Além disso, existem empresários e fazendeiros que não tendo instrução suficiente, não estariam nas a posições sociais e econômicas que ocupam. E siguramente ninguém se atrave a corrigir a fala ‘errada’ dessas pessoas. Por outro lado também existem pessoas em postos públicos ocupando cargos de que não seriam merecedores, pois têm dificuldade não só com a gramática, mas ‘pecam’ em várias outros aspectos da comunicação e da expressão oral e escrita.
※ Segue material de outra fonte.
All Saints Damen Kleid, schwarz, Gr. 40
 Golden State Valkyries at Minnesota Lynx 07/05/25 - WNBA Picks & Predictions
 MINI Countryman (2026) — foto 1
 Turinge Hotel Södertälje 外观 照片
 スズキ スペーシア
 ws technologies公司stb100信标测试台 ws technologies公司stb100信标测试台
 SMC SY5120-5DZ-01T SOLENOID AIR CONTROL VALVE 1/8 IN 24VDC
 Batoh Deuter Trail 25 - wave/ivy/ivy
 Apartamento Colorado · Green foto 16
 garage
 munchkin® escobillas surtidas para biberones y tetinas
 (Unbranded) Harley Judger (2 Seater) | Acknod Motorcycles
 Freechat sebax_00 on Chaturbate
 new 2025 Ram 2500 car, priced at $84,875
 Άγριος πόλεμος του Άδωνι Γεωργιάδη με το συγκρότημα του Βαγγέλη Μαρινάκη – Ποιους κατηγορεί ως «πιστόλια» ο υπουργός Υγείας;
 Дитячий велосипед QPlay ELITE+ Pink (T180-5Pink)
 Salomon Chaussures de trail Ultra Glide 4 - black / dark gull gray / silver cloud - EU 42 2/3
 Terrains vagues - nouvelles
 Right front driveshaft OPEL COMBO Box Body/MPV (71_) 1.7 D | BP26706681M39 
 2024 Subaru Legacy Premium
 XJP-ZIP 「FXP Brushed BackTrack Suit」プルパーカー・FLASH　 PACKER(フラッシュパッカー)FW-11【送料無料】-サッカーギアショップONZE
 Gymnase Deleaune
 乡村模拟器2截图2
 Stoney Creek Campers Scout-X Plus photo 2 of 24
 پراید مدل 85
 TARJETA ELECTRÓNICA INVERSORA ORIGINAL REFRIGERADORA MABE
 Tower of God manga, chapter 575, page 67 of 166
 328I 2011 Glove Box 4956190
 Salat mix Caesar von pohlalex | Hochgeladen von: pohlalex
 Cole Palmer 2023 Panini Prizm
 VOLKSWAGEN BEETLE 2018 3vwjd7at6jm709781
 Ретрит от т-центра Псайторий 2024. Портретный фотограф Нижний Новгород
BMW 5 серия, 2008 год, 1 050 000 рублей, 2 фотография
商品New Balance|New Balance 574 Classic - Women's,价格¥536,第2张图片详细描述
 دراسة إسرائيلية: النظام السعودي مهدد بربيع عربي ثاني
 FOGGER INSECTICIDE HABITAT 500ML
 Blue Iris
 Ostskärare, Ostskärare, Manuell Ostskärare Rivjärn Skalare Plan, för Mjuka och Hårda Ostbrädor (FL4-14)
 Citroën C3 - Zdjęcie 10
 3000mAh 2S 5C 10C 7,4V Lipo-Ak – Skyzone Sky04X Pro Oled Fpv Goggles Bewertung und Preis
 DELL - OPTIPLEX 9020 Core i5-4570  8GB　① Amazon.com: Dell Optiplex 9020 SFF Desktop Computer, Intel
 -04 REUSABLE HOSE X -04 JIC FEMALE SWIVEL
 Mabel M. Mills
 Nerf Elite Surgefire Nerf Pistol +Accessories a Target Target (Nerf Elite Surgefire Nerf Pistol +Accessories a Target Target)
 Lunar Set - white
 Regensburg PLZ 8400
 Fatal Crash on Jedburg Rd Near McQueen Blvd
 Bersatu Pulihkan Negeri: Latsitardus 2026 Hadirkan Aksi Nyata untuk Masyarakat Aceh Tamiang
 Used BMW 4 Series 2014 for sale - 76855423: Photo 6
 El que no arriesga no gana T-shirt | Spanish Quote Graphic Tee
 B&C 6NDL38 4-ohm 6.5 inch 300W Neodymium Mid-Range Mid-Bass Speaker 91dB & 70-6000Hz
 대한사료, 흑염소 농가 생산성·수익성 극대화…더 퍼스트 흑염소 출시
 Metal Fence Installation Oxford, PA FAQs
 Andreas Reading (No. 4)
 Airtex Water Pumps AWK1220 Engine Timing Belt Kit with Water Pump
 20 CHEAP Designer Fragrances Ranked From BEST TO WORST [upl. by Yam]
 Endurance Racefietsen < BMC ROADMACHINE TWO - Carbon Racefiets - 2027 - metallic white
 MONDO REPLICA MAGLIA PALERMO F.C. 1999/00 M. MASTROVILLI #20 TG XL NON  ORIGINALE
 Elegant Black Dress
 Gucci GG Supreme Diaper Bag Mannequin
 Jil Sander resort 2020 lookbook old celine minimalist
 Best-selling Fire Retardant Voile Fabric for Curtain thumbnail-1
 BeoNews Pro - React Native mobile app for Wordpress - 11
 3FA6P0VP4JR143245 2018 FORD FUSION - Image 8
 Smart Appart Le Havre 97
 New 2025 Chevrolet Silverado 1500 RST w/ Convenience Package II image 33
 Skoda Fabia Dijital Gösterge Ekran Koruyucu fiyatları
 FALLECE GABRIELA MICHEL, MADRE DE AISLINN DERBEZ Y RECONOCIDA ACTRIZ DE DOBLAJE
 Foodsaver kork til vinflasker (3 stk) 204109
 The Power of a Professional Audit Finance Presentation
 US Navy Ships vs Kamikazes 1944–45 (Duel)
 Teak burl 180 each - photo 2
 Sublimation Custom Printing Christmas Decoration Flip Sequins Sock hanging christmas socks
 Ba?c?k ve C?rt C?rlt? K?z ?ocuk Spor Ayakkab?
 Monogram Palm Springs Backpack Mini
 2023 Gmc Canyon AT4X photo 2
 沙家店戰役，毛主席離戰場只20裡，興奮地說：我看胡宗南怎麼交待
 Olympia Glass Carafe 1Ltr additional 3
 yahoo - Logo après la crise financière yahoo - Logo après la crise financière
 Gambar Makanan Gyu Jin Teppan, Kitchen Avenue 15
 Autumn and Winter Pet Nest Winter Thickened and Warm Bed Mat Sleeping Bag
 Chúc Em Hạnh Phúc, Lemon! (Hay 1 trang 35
Ensinar a norma culta não vai mudar a situação de milhões de cidadãos que vivem a margen social, sem usufruir dos seus direitos, morando em áreas onde as politícas públicas não chegam e sendo excluídos de uma
sociedade onde as diferenças sociais são discrepantes.
As variações linguísticas são um fato real, e o não reconhecimento delas é uma das causas das injustiças sociais. Enquanto esses milhões e pessoas não tiverem acesso à educação de qualidade e também a bens culturais e tecnologia, não é a gramática que vai solucionar a situação.
A ascensão social no nosso país tem uma profunda relação com a origem, ou seja, pode-se observar que e geral, os que detêem o poder são na maioria homens, brancos, heterossexuais, nascidos/criados na porção Sul-Sudesto do país, e os da região norte são de famílias oligárquicas feudais.
Na discussão destes mitos cabe salientar sempre que existe uma estreita relação entre língua e política, logo, não pode haver reflexão neste sentido sem se levar isto em conta. Os mitos sobre a língua e suas normas cultas alimentam a pior praga que pode nascer em qualquer sociedade: a injustiça social.